I have an HTML form in a PHP file like the attached snippet:
When I hit the "Save Details" button, I want the page to load a jQuery UI modal dialog. That dialog will execute a controller action (ex:savedetails) through Ajax.
Essentially, the controller action will get all the POST details in "frmEmployees" and saves the changes to a database through Ajax.
I am interested in the logic to load the dialog with the Ajax content in it (Get all the POST variables through the controller action, say "/public/empdetailcontroller" via Ajax). So, far I have something like the HTML below.
Any Ideas?
Snippet:
<form name="frmEmployees" id="frmEmployees" method="POST" action="">
<table>
<tr><td>Name:</td><td><input type="text" name="empName" size="50"></td></tr>
<tr><td>City:</td><td><input type="text" name="empCity" size="50"></td></tr>
<tr><td>Country:</td><td><input type="text" name="empCountry" size="50"></td></tr>
<tr><td colspan=2 align=center><input type="button" name="btnsubmit" value="Save Details"></td></tr>
</table>
</form>
<div id="dialogSaveChanges"
title="Saving.."
style="display:none;"><p><span
class="ui-icon
ui-icon-info"
style="float:left; margin:0 7px 20px 0;"
></span><span id="dialogText-savechanges"></span></p></div>
<script language="JavaScript>
$(document).ready(function() {
$('#dialogSaveChanges').dialog({
autoOpen: false,
width: 400,
modal: true,
title: titleText,
closeOnEscape: false,
open: function(event, ui) { $(".ui-dialog-titlebar-close").hide(); },
resizable: false,
buttons: {
Ok: function() {
$(this).dialog('close');
}
}
});
$('#btnSaveChanges').click(function() {
$('#dialogSaveChanges').dialog('open');
$("span#dialogText-savechanges").html("Your Changes have been saved successfully.");
});
});
</script>
You'll need to submit the form in order for the form values to be sent. The logic will follow something like this:
Bind function (e.g., submitForm) to form's submit event, returning false to prevent normal (non-AJAX) form submission.

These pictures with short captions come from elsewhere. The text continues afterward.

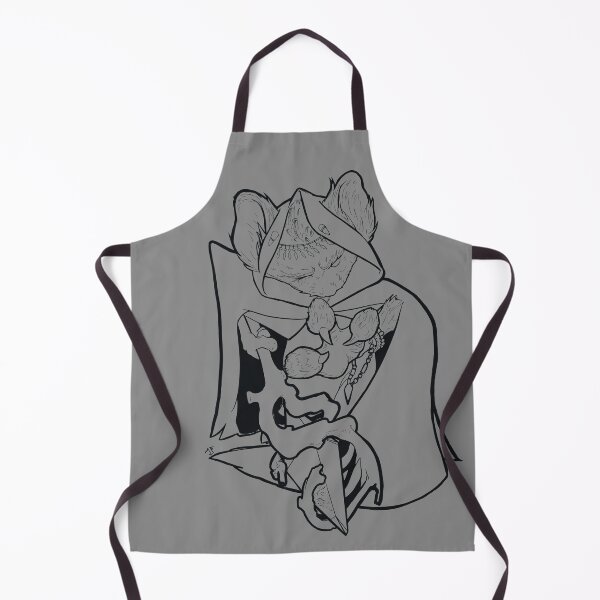 Item preview, Esmeralda Seed Thrower designed and sold by JFranciscoAC.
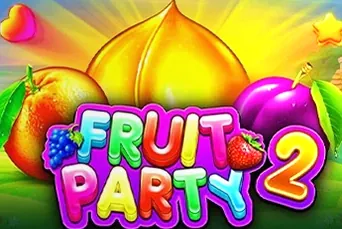 Fruit Party 2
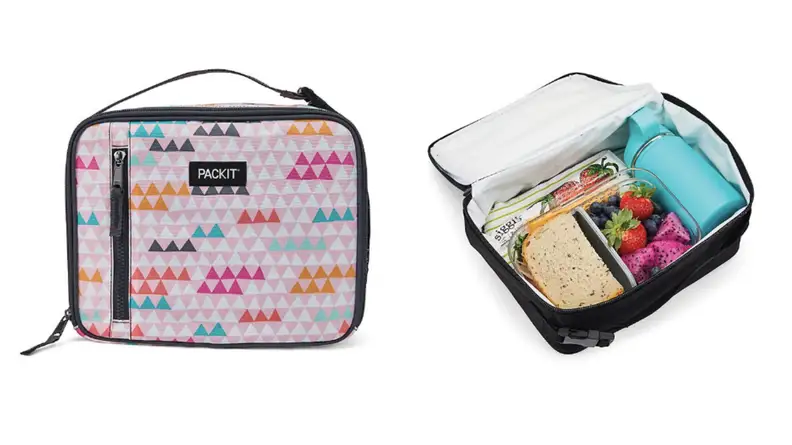 PackIt Lunch Box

submitForm function makes $.ajax call.
AJAX call is configured to open the dialog before the the request is sent (event: beforeSend).
Dialog box is populated with "Loading..." text/image.
On success or failure of the ajax call (events: success/failure), the dialog box is populated with the results or an error message.
Code might look like:
$('#frmEmployees').submit( function() {
$.ajax({
url: this.attr('action'), // Make sure your form's action URL is correct.
method: 'POST',
data: this.serialize(), // this = $('#frmEmployees')
// Add hidden form inputs to send any control
// parameters to your server script.
beforeSend: openDialogFunction,
success: handleFormSuccess,
failure: handleFormFailure
});
return false; // prevent normal form submission.
});
If you program it like this, your page will also work without javascript, it just won't have the dialog box.
Not sure I completely understand what you are trying to do, but let me try...
So, you want to:
Send form details to a controller via AJAX.
Save the form data to the DB from the controller.
On success, show a dialog box with a "Success" message and the saved items.
On error (you didn't mention this), I assume you would display an alternate method, correct?
Look into the jQuery Ajax methods.